‘Gold Cas’ BTC coin bought for $4K is now worth $48m
The owner of the rare coin, which was found in a drawer, said he doesn't want to sell it
Not seen for a decade and forgotten for several years in a desk drawer, a one-ounce 'Gold Cas' gold coin with a denomination of 1,000 bitcoins (BTC) that was purchased in December 2011 for just $4,905 is now worth $48m at the current BTC value.
“The physical bitcoin has a public key on the reverse of the coin. Also on the reverse is the tamper-proof hologram, and under this is the private key,” Ian Russell, president of GreatCollections of Irvine, California, whose client owns the coin, told Currency.com.
According to Greatcollections.com, the owner of the world’s most valuable numismatic item admitted that it was ”definitely a stretch to make the purchase” a decade ago, but said he’s not tempted to sell it now, even after its astounding increase in value.
“This is the greatest return on investment for any numismatic item, a staggering 9,786 times the purchase price in just 10 years. It may be the world’s greatest investment in that time span,” stated Russell.
A fortune in the drawer
“It was definitely a stretch to make the purchase in 2011, as I didn’t really know what bitcoin was or how I was going to redeem it one day,” the coin’s anonymous owner said in a written statement to the company. “I remember trying to decide whether to buy this one piece for $4,905 or whether to buy two gold bars – about $4,000 at the time – but thankfully I decided on the Gold Cas.”
“I was looking to buy gold and at the time in 2011 it hit a record high and was being reported almost daily in the newspapers, alongside stories about bitcoin and cryptocurrency,” recalled the coin’s owner.
“Most of the stories were negative about bitcoin back then, but since the newspapers were giving it space, I thought there might be more to it. The ‘Gold Cas’ got my attention since it had gold and bitcoin combined.”
He added: “When I bought the coin for $4,905, I really had no idea what the potential was, otherwise, I would have bought more than one! After the purchase, I forgot about it, leaving it in a desk drawer.
”That changed in late 2013 when I saw a headline about bitcoin being worth $1,000, and it hit me that the coin I purchased for $4,905 was suddenly worth $1m. It prompted me to work out what bitcoin was all about, and since that time I’ve been watching it closely,” the owner continued.
“Since the value of the coin increased to $1 million, there were other milestones I remember, such as when it hit the $10m mark and then again at $25 million,” he said.
The Casascius coin
The cryptocurrency community refers to the 1,000 BTC coin as ‘the Gold Cas.’ That is a reference to ‘Casascius’, the brand of BTC coins produced from 2011 to 2013. The company was created by Mike Caldwell to create physical Casascius coins in increments of 0.1, 0.5, 1, 5, 10, 25, 100 and 1,000 BTC units. Caldwell also produced some BTC ingots. Neither are produced any more.

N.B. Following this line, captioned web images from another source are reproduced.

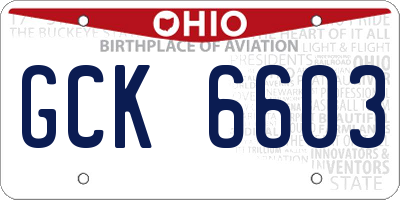OH license plate GCK6603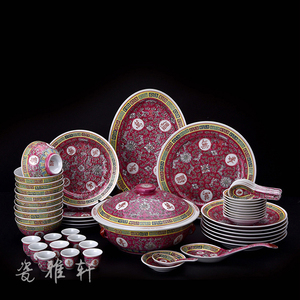 正品手工粉彩红地万寿无疆54头中餐具 具有收藏价值 文革瓷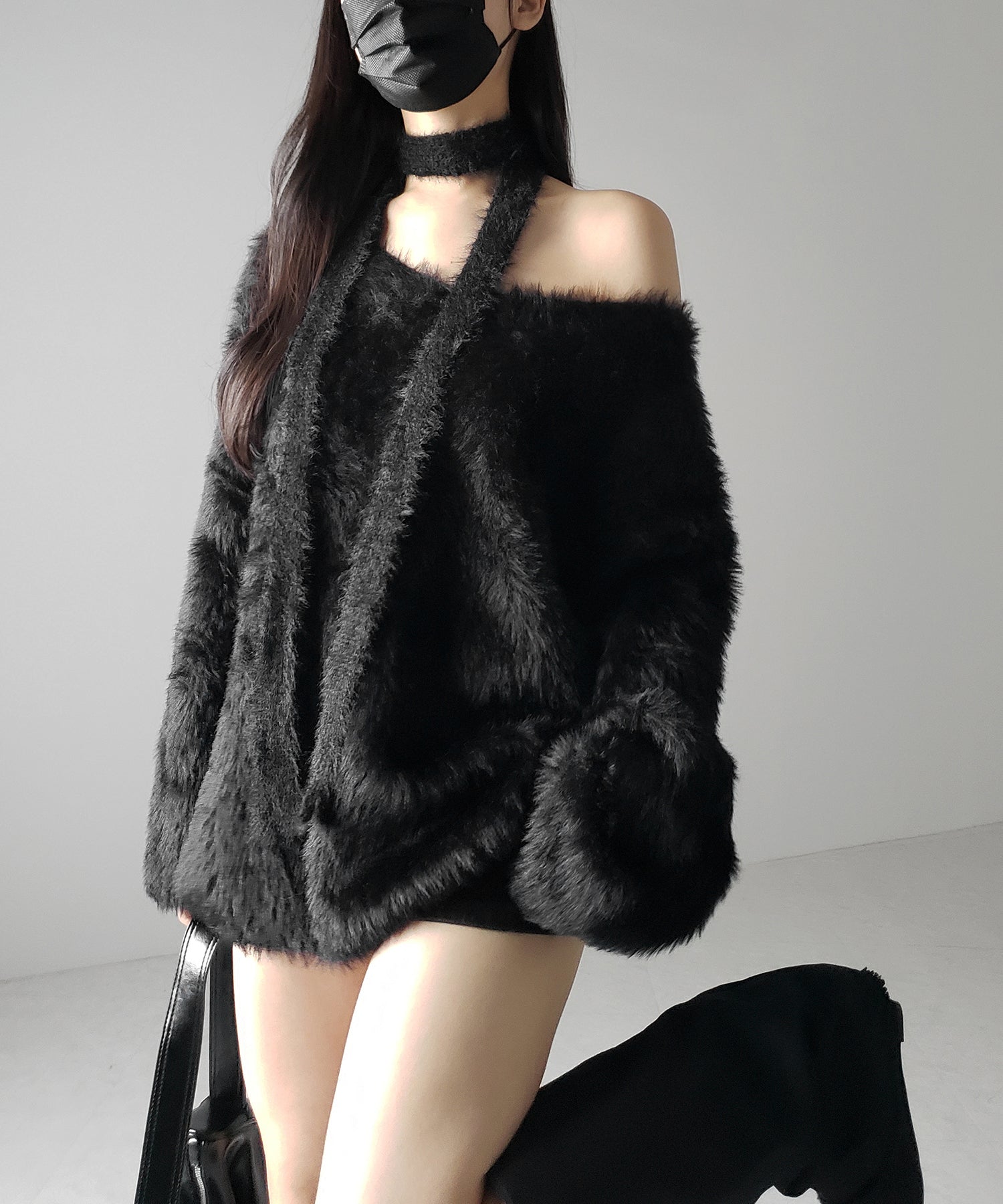 【 ２color 】チョーカータイ付きルーズシャギーニット ／ choker tie set loose shaggy knit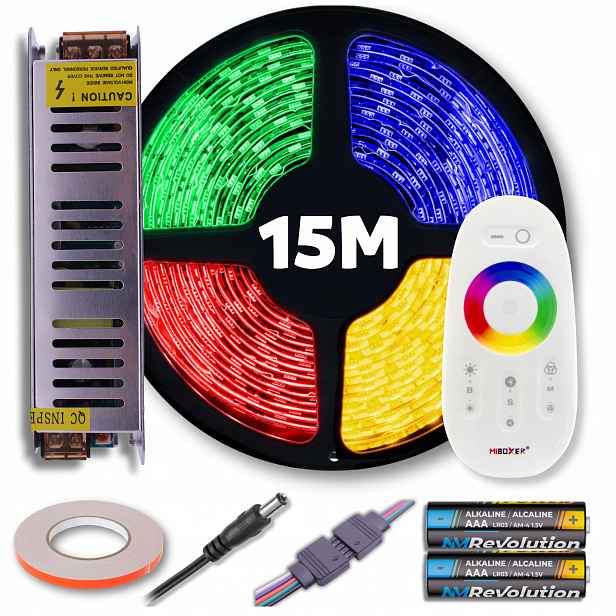 Set Led pásek Rgb barevný teplý bílý s dálkovým ovládáním a napájecím zdrojem 15M 12V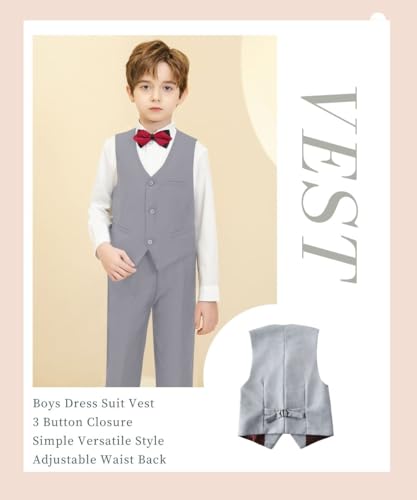 Image of Boys Formal Suit Vest Kids 3 Button Adjustable Back Strap Toddler Vests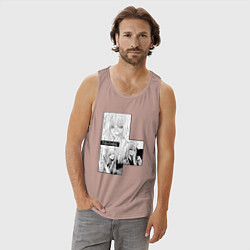 Майка мужская хлопок Очень приятно Бог Томоэ, цвет: пыльно-розовый — фото 2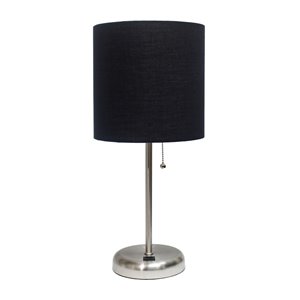 LimeLights Stick Lamp with USB charging port and Fabric Shade - Brushed Steel and Black - 19.5-in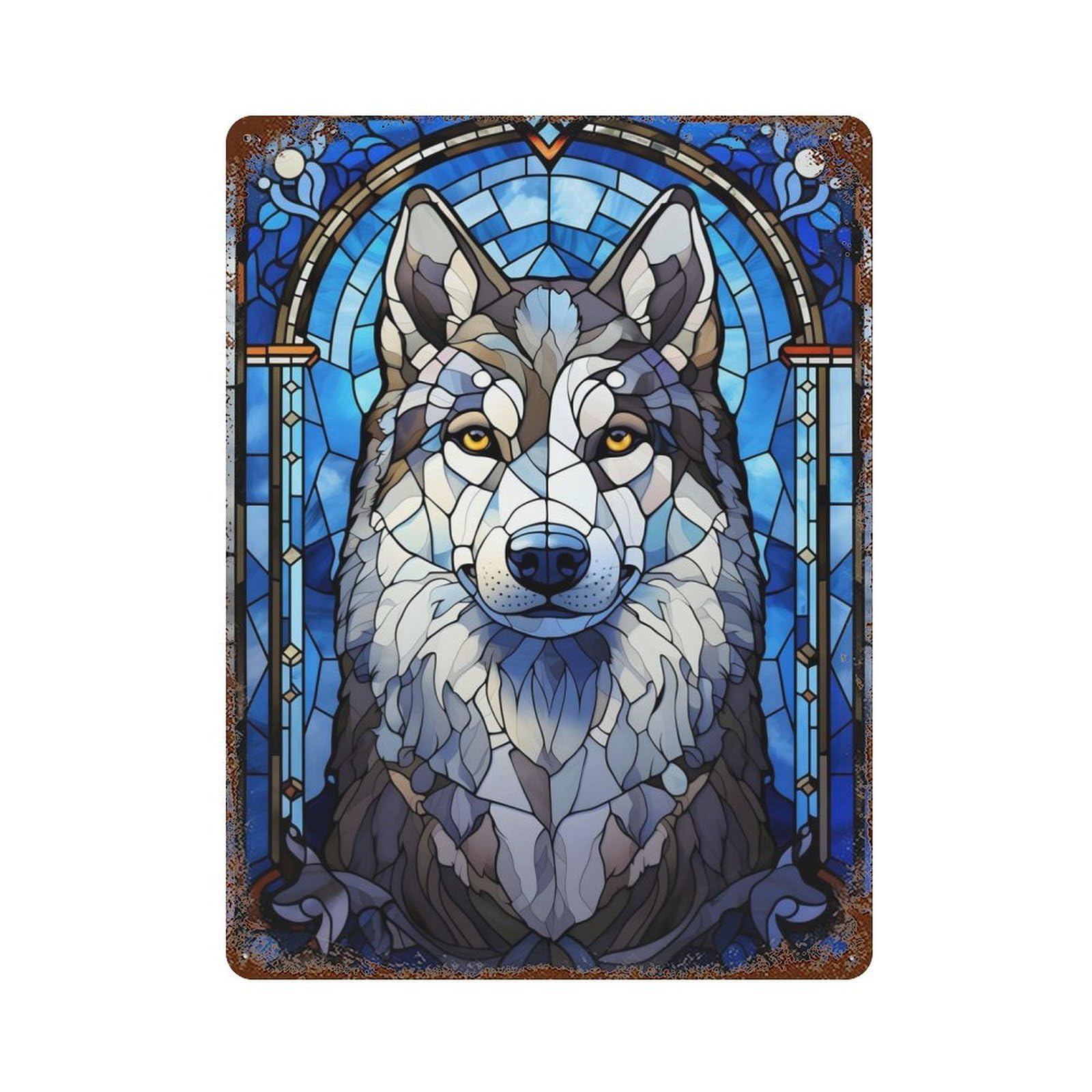 Husky Dog Stained Glass Rustic Tin Plaque 15.7"x11.8", Ideal for Shed, Workshop And Garage Wall Decor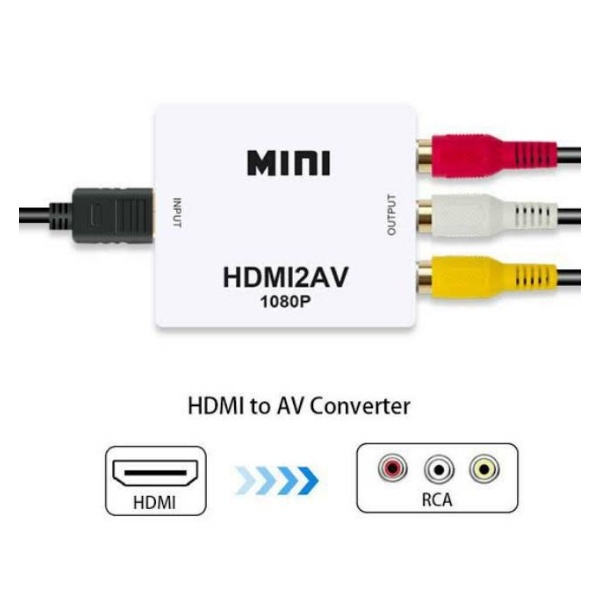 CONVERTER HDMI TO AV RCA ORIGINAL FULL HD 1080P/ KONEKTOR HDMI TO TV TABUNG/ KABEL HDMI TO RCA AV Mini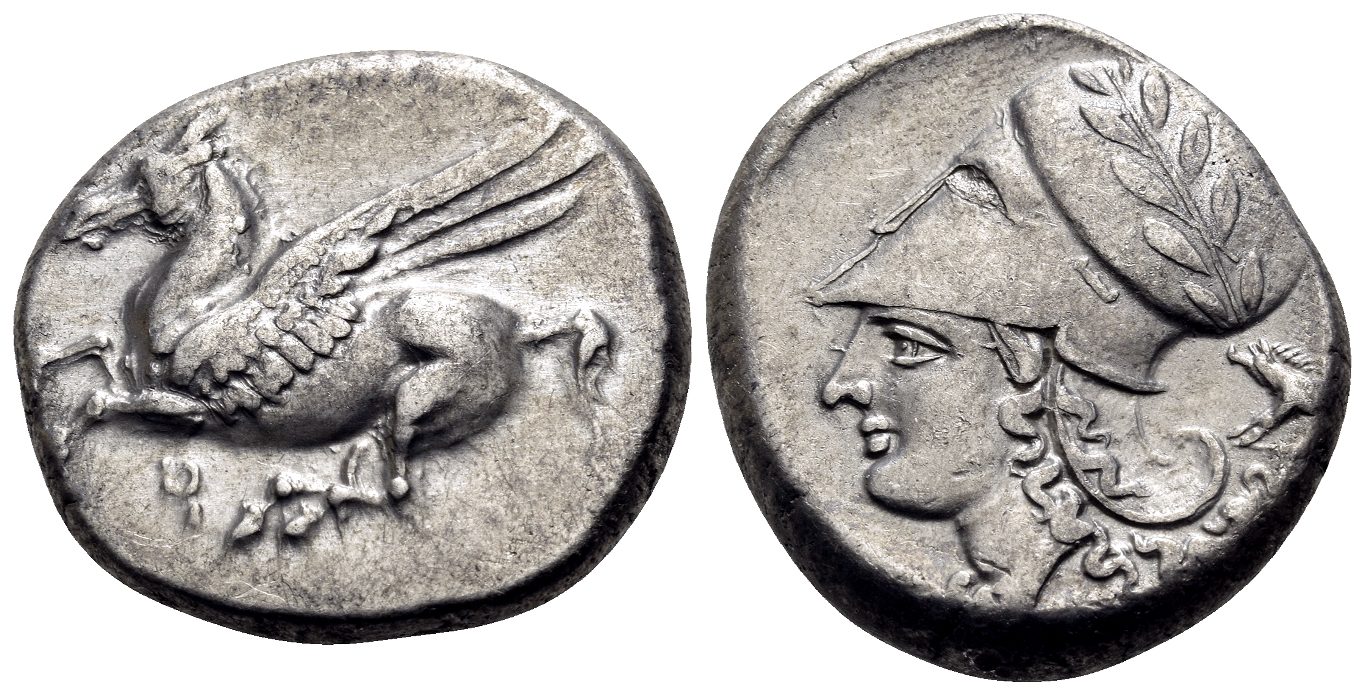 CORINTHIA. Corinth. Circa 350/45-285 BC. Stater (Silver, 20 mm, 8.57 g, 3 h). Pegasos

Only six 1,000 BTC gold Casascius coins were made, four of which have not been redeemed – including the one owned by Russell’s client.
"The value of the ‘Gold Cas’ eclipses classic rare coins, such as the gold 1933 Saint-Gaudens Double Eagle recently auctioned by Sotheby’s for $18,872,250 and owned by another GreatCollections client, or the Sultan of Muscat 1804 Draped Bust silver dollar we recently purchased at auction for $7,680,000 on behalf of a client,” said Russell.
“It’s the ultimate 21st century collectible, merging gold with cryptocurrency; a cultural phenomenon considering the vast number of people under 30 who own some cryptocurrency as investments,” he added.
The mystery of the Gold Cas
Russell said the current owner of this 1,000 gold BTC is not the presumed founder of the digital currency Bitcoin, Satoshi Nakamoto. There have been suggestions that the founder of Bitcoin owns iconic bitcoin items such as the Gold Cas.
The 1,000 BTC coin now resides in an overseas bank vault and is not for sale because the owner is optimistic about the long-term prospects for bitcoin. However, Russell announced that a gold-plated 25 BTC coin will be offered without reserve by GreatCollections in an auction that closes on 14 November.
“Bidding will start at $1, although I anticipate this 25 BTC will sell for more than $1 million,” predicted Russell.
Russell submitted the 1,000 and 25 BTC coins – under armed guard – to the Professional Coin Grading Service in Santa Ana, California for certification. The gold 1,000 BTC coin is graded a perfect PCGS Proof 70, on a numismatic grading scale of 1 to 70, and is classed as a ‘deep cameo’ coin, which means there's a high degree of contrast between the raised image and the background. The 25 BTC coin is certified PCGS Mint State 67.
PCGS’s interim president Stephanie Sabin said of the Gold Cas: “This coin is set apart in its cultural significance in merging the worlds of cryptocurrency and traditional numismatics. Combine this with the staggering value of the bitcoins it contains and we have a new Goliath.”